The ruins of the Chimu’s city cover a space of three quarters of a league, exclusive of the great squares. These squares, seven or eight in number, vary from two hundred to two hundred and seventy yards in length, and from one hundred to one hundred and sixty in breadth. They are on the north side of the large edifices or palaces. The walls surrounding the palaces are of great solidity, formed of adobes (bricks baked in the sun) ten or twelve yards long and five or six broad in the lower part of the wall, but gradually diminishing until they terminate in a breadth of one yard at the top. Each palace was completely surrounded by an exterior wall. One of them, built of stone and adobes, is fifty yards high, five yards broad at the bottom, and gradually tapering to one at the top. In the first palace there is an interior court, in which are chambers built of stone, and plastered within. The lintels of the doorways consist of a single stone about two yards long. Some of the walls are adorned with panels and tasteful patterns, and ornaments sculptured on the adobes. There is also a large reservoir, which was formerly supplied with water, by subterranean aqueducts, from the river Moche, about two miles to the north-east. The second palace is one hundred and twenty-five yards east of the first. It contains several courts and chambers, with narrow lanes between them. At one of the extremities is the huaca of Misa, surrounded by a low wall. This huaca is traversed by small passages about a yard wide, and it also contains some large chambers, containing cloths, mummies, pieces of gold and silver, tools, and a stone idol. Besides these palaces there are the ruins of a great number of smaller houses, forming an extensive city. Rivero Antiq. Per.
In 1566 one Garcia Gutierrez de Toledo paid 85,547 castellanos de oro (£222,422) as the fifth or royal share of the treasure found by him in the huacas of the grand Chimu; and in 1592 the royal fifth of further treasure discovered in these tombs amounted to 47,020 castellanos (£122,252). The value of the whole was £1,724,220 of our money. This will give some idea of the wealth concealed in these burial places. There is a tradition that there were two priceless treasures in the form of fishes of gold, known as the great and little peje, in one of the huacas.

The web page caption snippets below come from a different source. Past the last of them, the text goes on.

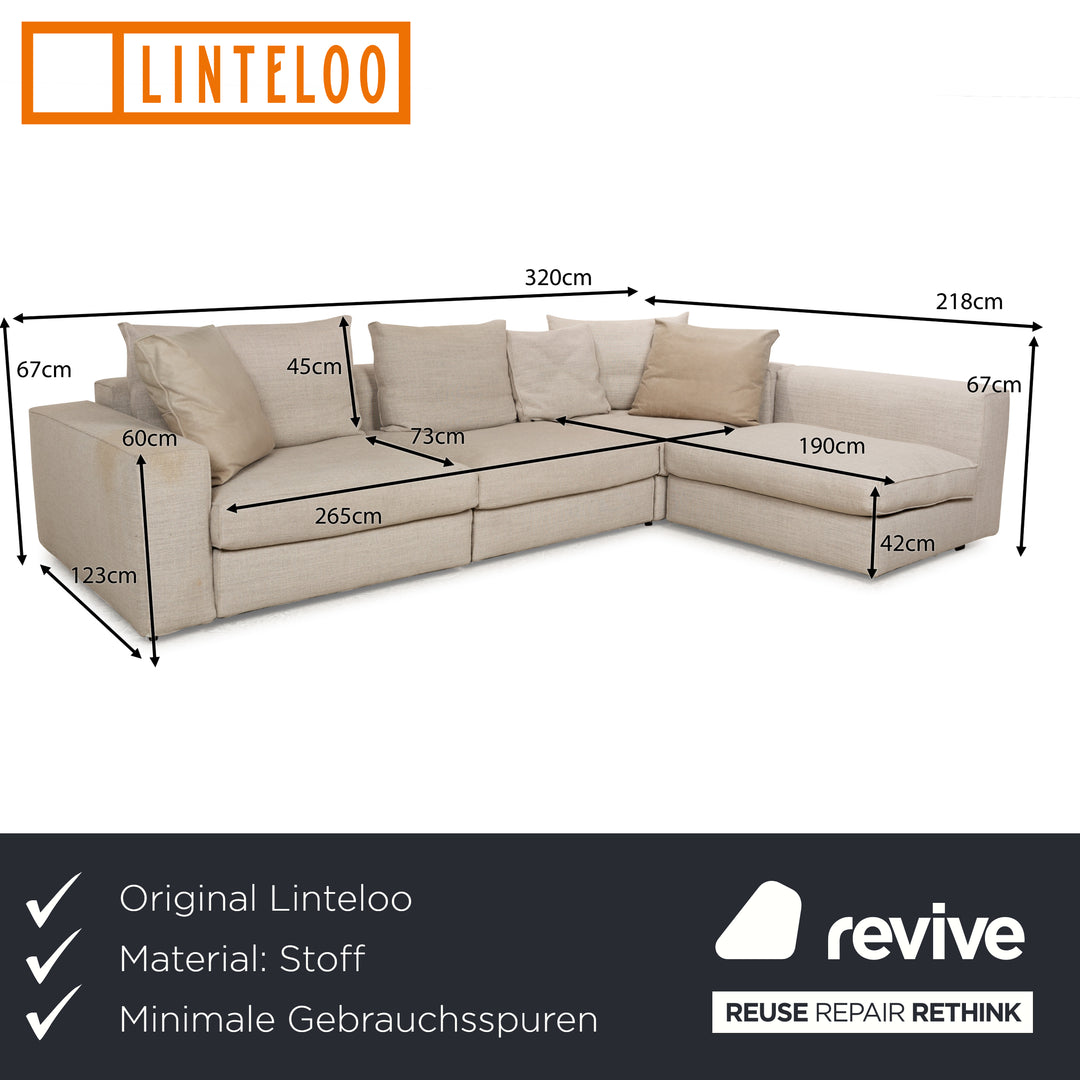 Linteloo Stoff Ecksofa Creme Beige Sofa Couch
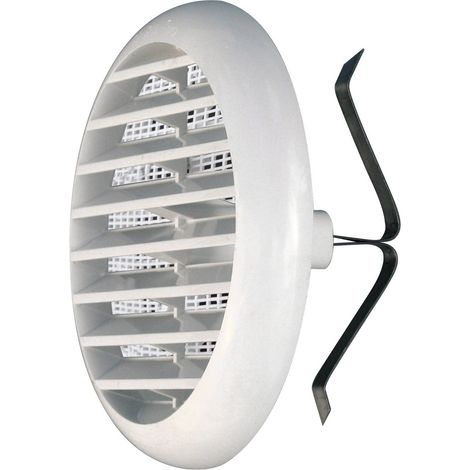 La Ventilazione TUR100B - Griglia di Ventilazione Rotonda, Plastica, Per fori da diametro 40 a 80 mm, Bianco, griglia 106 mm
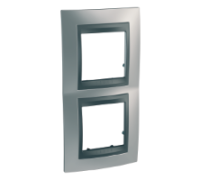 Рамка 2 поста, матовый хром, вертикальная Unica MGU66.004V.238 Schneider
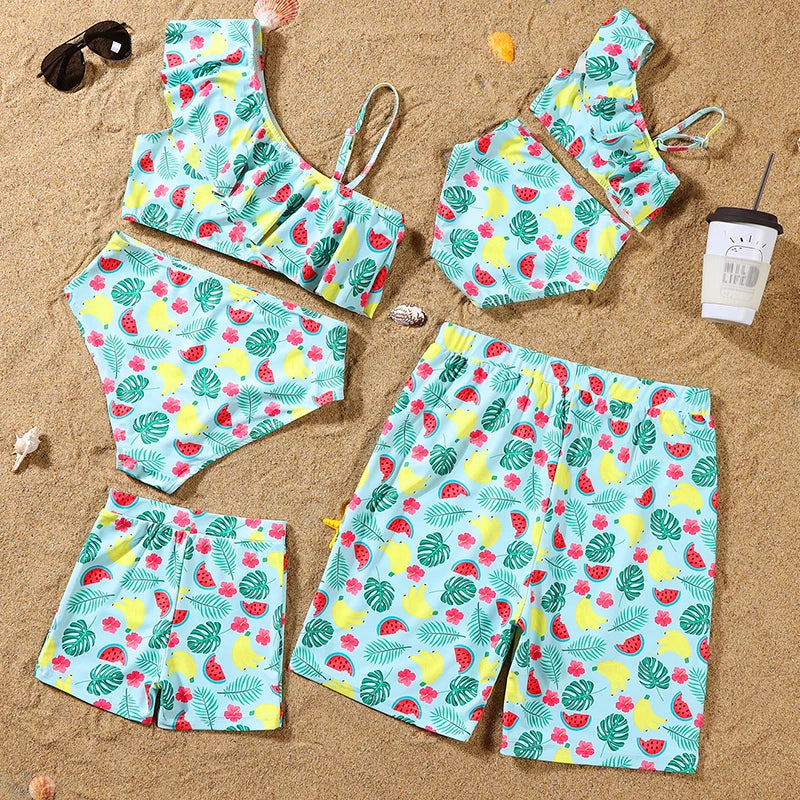 2023 Leaf Swimsuits Family Matching Outfits Look One-Piece Mother Daughter Swimwear Mommy and Me Clothes Father Son Swim Shorts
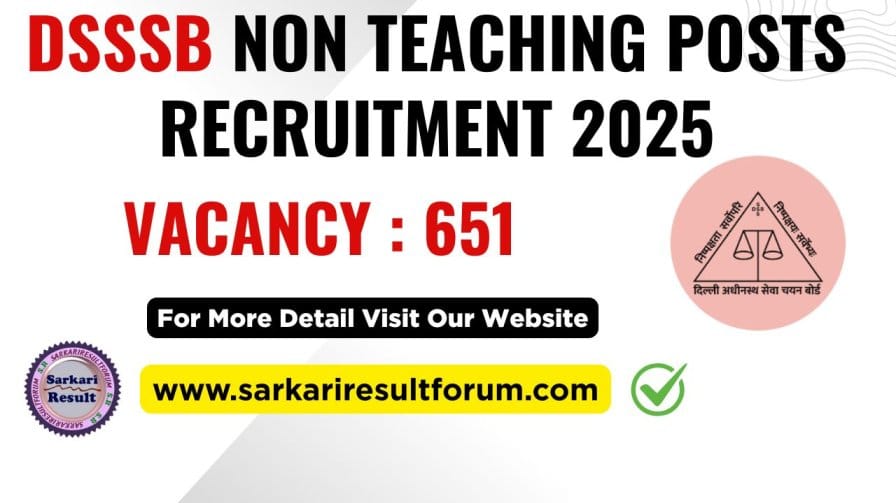 DSSSB Non Teaching Posts Adv 02/2025 Rojgar Forum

The curiosities that have been found in the Chimu ruins are very interesting:—such as mummies in strange postures, one in an attitude as if about to drink, with a monkey on his shoulder, whispering into his ear.
[362] The city of Truxillo stands on a sandy plain, in lat. 8° 6´ 3” S.
[363] See note at p. 72.
[364] The distance is one hundred and eight leagues by the road.

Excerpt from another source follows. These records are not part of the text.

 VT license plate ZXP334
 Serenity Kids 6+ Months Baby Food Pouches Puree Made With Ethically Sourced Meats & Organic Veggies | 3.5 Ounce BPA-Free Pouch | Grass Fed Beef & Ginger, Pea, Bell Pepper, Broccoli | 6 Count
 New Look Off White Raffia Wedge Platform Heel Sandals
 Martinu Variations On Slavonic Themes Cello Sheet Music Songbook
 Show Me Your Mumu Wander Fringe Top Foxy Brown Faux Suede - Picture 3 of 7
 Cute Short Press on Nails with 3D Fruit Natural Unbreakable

[365] The river of Santa is about eighteen hundred yards across at the mouth, and its current, during the rainy season, sometimes flows at the rate of seven miles an hour. In 1795 a rope bridge was thrown across it, about a league from the mouth, but it was destroyed by a sudden rise of the water in 1806. Stevenson.
[366] Guarmay is a small Indian village, famous for its chicha, which is remarkably strong.
[367] These are the ruins of a fortress defended by the Chimu against the army of the Yncas, the outer walls being three hundred yards long by two hundred. The interior is divided into small houses, separated by lanes. It is partly covered with a kind of plaster, on which Proctor saw the uncouth coloured representations of birds and beasts mentioned in the text. The ruined fortress stands at the extremity of a plain, close to the foot of some rugged mountains, about a league from the sea. Paz Soldan: Proctor, p. 175.
[368] La Barranca. The river is approached by a precipitous descent down a high bank of large pebbles and earth. The breadth of the channel is about a quarter of a mile, and, during the rains in the Andes, it is completely full, running furiously, and carrying along with it trees and even rocks, which render it impassable. In the dry season it merely consists of three separate torrents about as deep as the saddle, but unsafe.